- [Materials provided]
═══
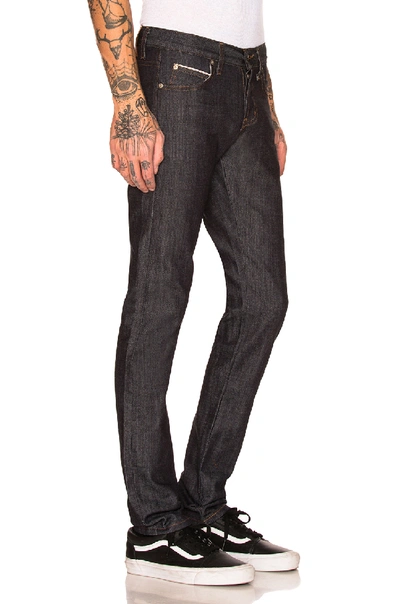 Shop Naked And Famous Super Skinny Guy 12.5 oz Stretch Selvedge In Indigo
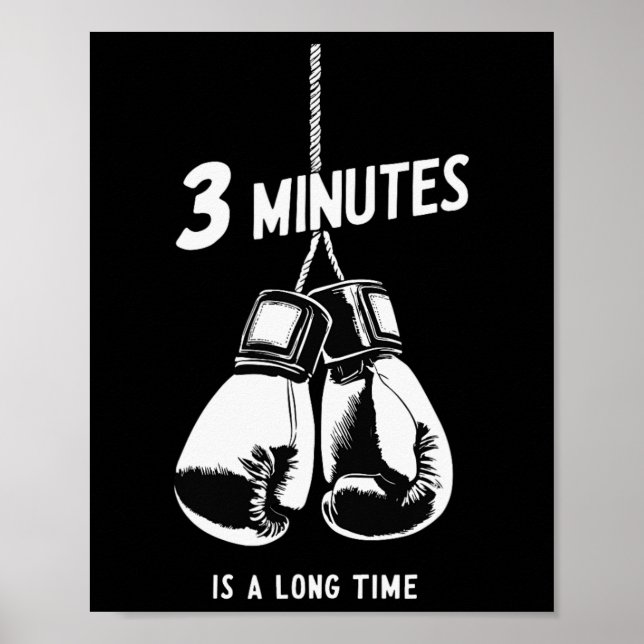 Rolig Citat Boxning Kickboxning Boxningsälskare Bo Poster (Framsidan)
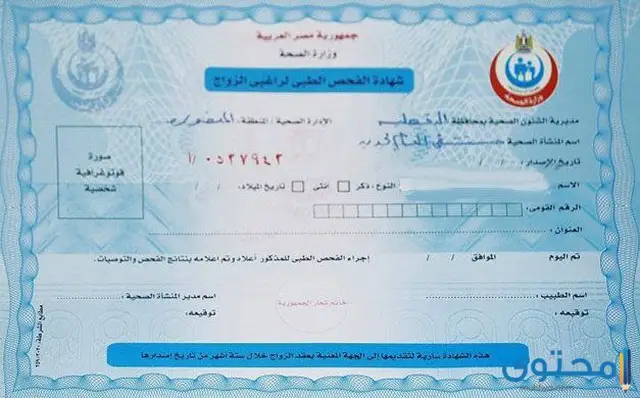 إجراءات استخراج شهادة صحية في مصر 2024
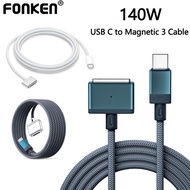 Fonken PD140W Type C to Magnetic 3 Charging Cable Laptop Charger USB C Magnetic 3 Cable
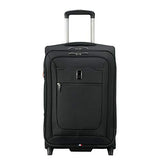 Delsey Hyperglide 2-Wheel Carry-On, Black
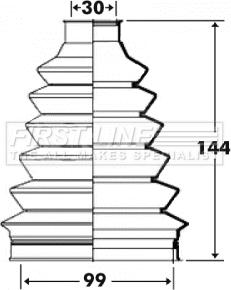 First Line FCB6101 - Пыльник, приводной вал www.autospares.lv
═══
- [Work order] Your task is to reproduce exactly the lines from the start of the data above through the line containing "Delsey Hyperglide 2-Wheel Carry-On, Black", leaving every picture out.

- [Answer section]
 Shop Naked And Famous Super Skinny Guy 12.5 oz Stretch Selvedge In Indigo
 Rolig Citat Boxning Kickboxning Boxningsälskare Bo Poster (Framsidan)
 إجراءات استخراج شهادة صحية في مصر 2024
 Fonken PD140W Type C to Magnetic 3 Charging Cable Laptop Charger USB C Magnetic 3 Cable
 Delsey Hyperglide 2-Wheel Carry-On, Black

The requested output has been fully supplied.